Since 2016, Tamimi has been the subject of a US Department of Justice arrest warrant on a charge of conspiring to use a weapon of mass destruction against American nationals, including Malki Roth. By virtue of having an American-born mother, Malki had dual Australian-US citizenship.
Tamimi appears on the FBI's list of "most wanted terrorists" and the US Department of State has issued a $US5 million reward for information leading to her arrest.
But Jordan has so far refused to co-operate, despite having an extradition treaty with the US and despite having just this year deported Tamimi's husband, Nizar al-Tamimi, in an apparent and so far unsuccessful effort to encourage Ahlam to leave of her own volition.
The only explanation Jordan has offered for its non-cooperation is to question the validity of the extradition treaty. In reality, the obstruction is assumed to be based less on technicalities of international law and more on the political manoeuvring of the nation's all-powerful King Abdullah II.
In a country where more than half the population is Palestinian, there is little doubt that a decision to hand over a Palestinian-Jordanian killer of Jews to the US would prove unpopular.
Which brings us back to where we started: What can the Australian government do to obtain justice for the murder of Malki Roth? The realpolitik faced by Jordan's king hasn't deterred the Americans from pursuing justice for Malki, and it shouldn't deter the Australian government either.
Australia does not have a mechanism under international law to seek Tamimi's extradition. But we can and should support the US in its efforts. We can and should take every opportunity to advise the Jordanian government that we have neither forgotten nor forgiven the murderer of an Australian child.
And let's be clear that Australia's intervention would make a difference. It would make it easier for Jordan to comply with America's request to extradite Hamimi, citing increased international pressure. It would also encourage the incoming Biden administration to maintain pressure from their end.
The core element in Senator Abetz's detailed question was whether, in its contacts with Jordanian officials, the Department of Foreign Affairs and Trade had ever noted our concern that Ahlam Tamimi is feted for her role in killing 15 people in Jerusalem, including an Australian national, and "if not, why not and will it do so in the future?"
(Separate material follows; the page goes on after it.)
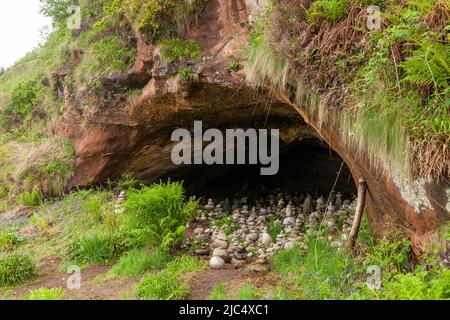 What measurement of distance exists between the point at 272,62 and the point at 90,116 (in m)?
4.86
Senator Abetz went on to ask whether DFAT supported the extradition request of Ahlam Tamimi by the US, and whether department officials had expressed Australia's views to American colleagues.
This was no ordinary Dorothy Dixer.
In the case of Kylie Moore-Gilbert, an Australian citizen, wrongly imprisoned, was freed, sending a message to fellow Australians that their government will never abandon them.
While the tireless campaign for justice by Malki Roth's family and their supporters around the world will not bring her back, action by the Australian government to see her murderer tried and appropriately punished for what she did would bring them, and all who hear of it, a level of peace.
And it would send a further message to regimes that encourage and protect terrorists that if our citizens are targeted, we will not rest until the perpetrators are held to account.
- Jeremy Leibler is president of the Zionist Federation of Australia.